Valery Anatolyevich Rubakov (Russian: ? ?, born 16 February 1955 in Moscow, USSR) is a Russian theoretical physicist. His scientific interests include quantum field theory, elementary particle physics, and cosmology. He is affiliated with the Institute for Nuclear Research (INR) of the Russian Academy of Sciences in Moscow.

Education

Rubakov studied physics at Moscow State University, graduating in 1978. He subsequently began doctoral work at the INR, completing his thesis in 1981.[1]

Scientific achievements

Rubakov is among the best known of contemporary Russian physical theorists,[2][3] notable for his studies of the cosmological effects of gauge interactions and for the development of novel ideas of space-time and gravity.[4]

Rubakov first came to prominence for monopole catalysis of proton decay, a remarkable insight on contemporary field theory.[5]'t Hooft and Polyakov had shown that some Grand Unified Theories predict the existence of massive magnetic monopoles. Rubakov pointed out such a monopole would induce proton decay, leaving an observable footprint in the form of electron neutrinos. The phenomenon was independently suggested by Curtis Callan and has become known as the Callan-Rubakov effect.[6]

Together with Mikhael Shaposhnikov [de; ru], Rubakov was one of the first to model spacetime and gravity using ideas from brane cosmology.[7] Rubakov and Shaposhnikov conjectured that we live on a four-dimensional brane embedded in a higher-dimensional universe. Ordinary particles are confined in a potential well which is narrow along the additional dimensions, thereby localizing matter to the brane.[4]

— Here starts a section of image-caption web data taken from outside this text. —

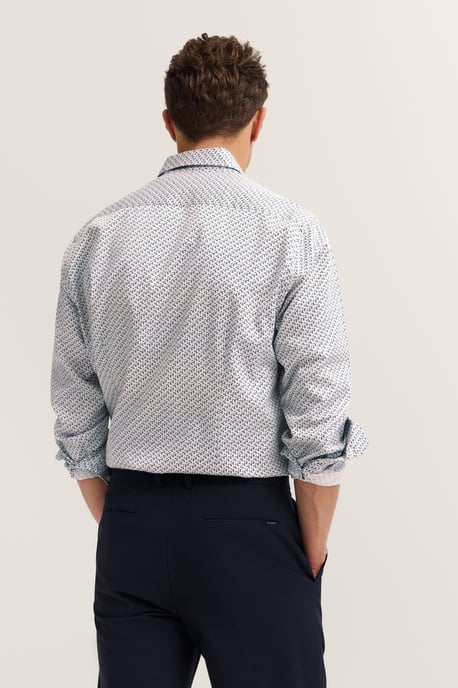 Bugatti Herren Vrijetijdsshirt met lange mouwen en kleine print - Image 2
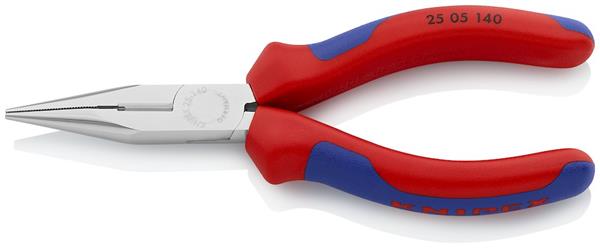 Knipex 2505 spidstang lige kæber, 140mm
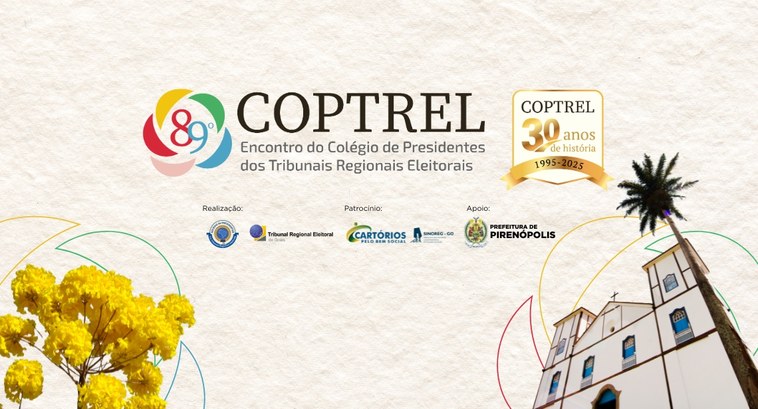 (imagem de capa) TRE-GO sedia 89ª edição do COPTREL em Pirenópolis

His paper with Shaposhnikov and Vadim Kuzmin on the effect of electroweak non-conservation of baryon and lepton numbers at high temperatures is considered fundamental to modern theory about the early universe.[8]

He is the author of a well-regarded textbook on field theory[9] and has mentored successful scientists such as Dmitry Gorbunov [ru].

Awards

Rubakov has been a member of the Russian Academy of Sciences since 1998. He was elected to the American Academy of Arts and Sciences in 2015.[10].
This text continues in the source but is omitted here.